The big issue, though, is that the records were rarely, if ever, meant to be read by the subject person they are about – they were kept for the purposes of maintaining track of the financial maintenance, education progress, contact with parents and others, etc.
As your post highlights, the power in these circumstances, firmly resides with those who hold the records. This power should, ideally, be used to help the care leaver understand the nature and context of what was reported about them – kind or cruel, encouraging or disparaging. The principles of “knowledge” and “original order”, as you have highlighted are in place, not for malicious use by power hungry, self-interested, archivists but for the purposes of positive assistance to those who wish access.
It seems to me that the organisations handling this best are those that engage people with specific counselling skills and experience in dealing with people, often troubled and confused, who are seeking to make sense of what happened to them, often through no fault of their own.
The problem, it seems to me, is not the power imbalance per se, but how it may be used – for good or ill.
July 25, 2017 at 11:46 am
Thanks for your comment Graham!
I agree that this power can be used positively to help people make sense of the records and, wherever possible, give some of that power up or back to the individual who the records relate to. I also agree that the supported release model you mention seems the best way to go about this, as it enables a specific response to each person’s differing circumstances and to provide the support most suitable for them.
However, I do think it is important that archivists and records holders recognise that their work can perpetuate this power imbalance and that they need to actively work to overcome this, rather than passively continue without considering it. It’s absolutely not done for malicious reasons, but can have negative outcomes.
I think that being aware of this enables people and organisations to start using this power for good, as you suggest.
July 20, 2017 at 5:57 pm
great post kirsten!
August 8, 2017 at 6:25 am
The records were not “kept for or the purposes of maintaining track of the financial maintenance, education progress, contact with parents and others, etc”. They were kept for all sorts of reasons – many of which we are only now finding out about with new laws, human rights and FOI access.

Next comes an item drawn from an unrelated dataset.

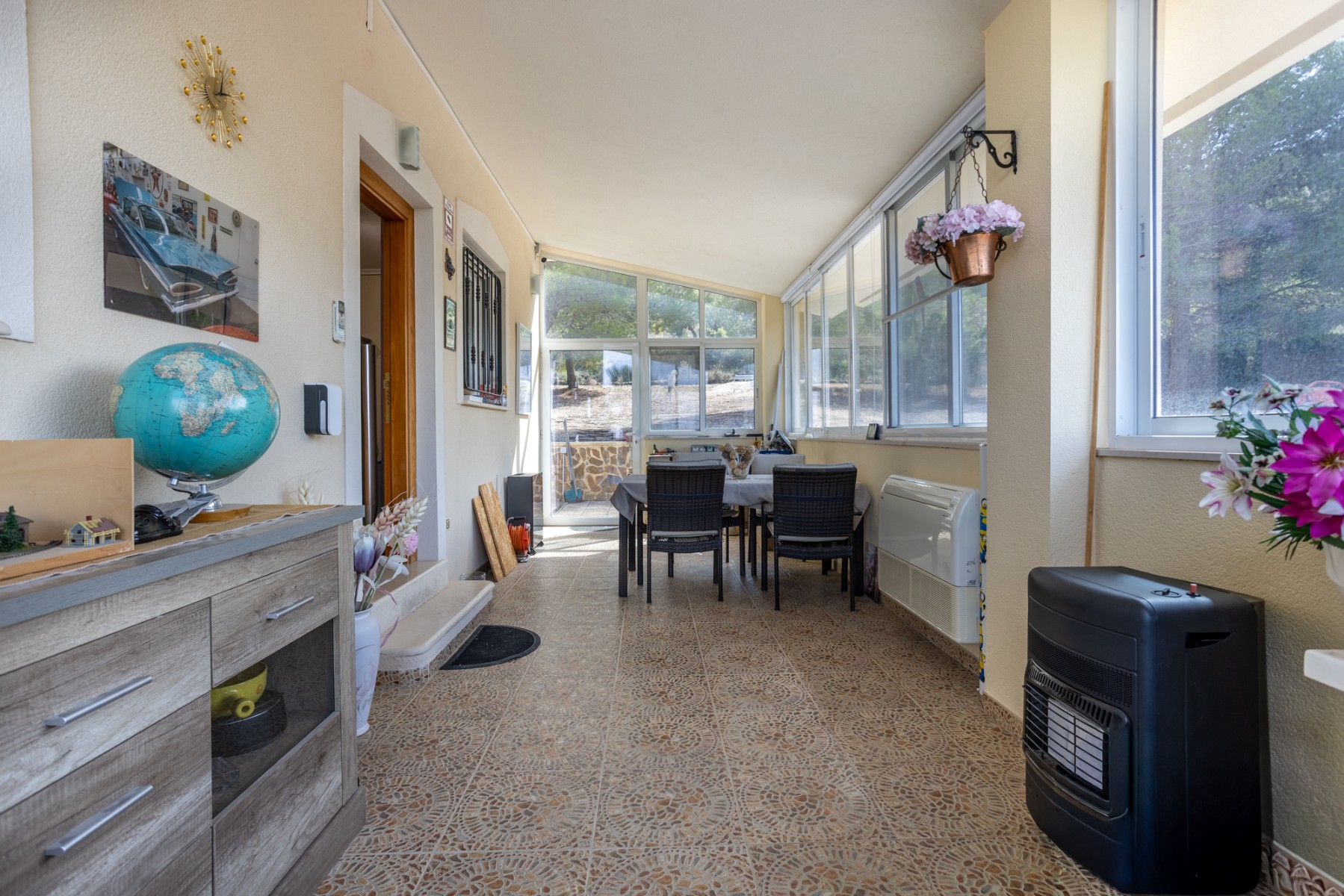 Villa for sale in La Zarza, Murcia, Spain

The records, or as they are commonly known amongst care leavers as “the files”, overwhelmingly demonstrate a gross lack of accountability that has long characterised the child welfare and justice systems in Australia. They are for many care leavers the only source of information they have about their childhoods, identity, medical histories and so on.

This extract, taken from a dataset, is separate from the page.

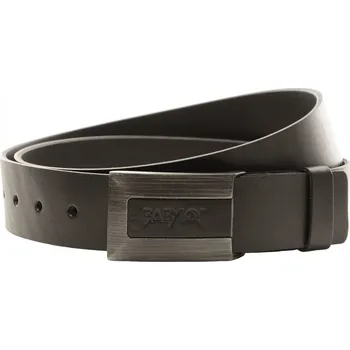 Opasek Babylon Kožený Opasek Černý 95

Who are they meant to be read by if they still exist?
People, like myself, have to deal with the fact that secret dossiers compiled about them, that they had no say in, or even knowledge about, sit in various locations, alongside thousands of other files waiting for somebody to “read”. This raises questions about disparate experiences of citizenship and the rights to know what government and private agencies record and keep about Australian citizens. My eyes are now firmly on my records.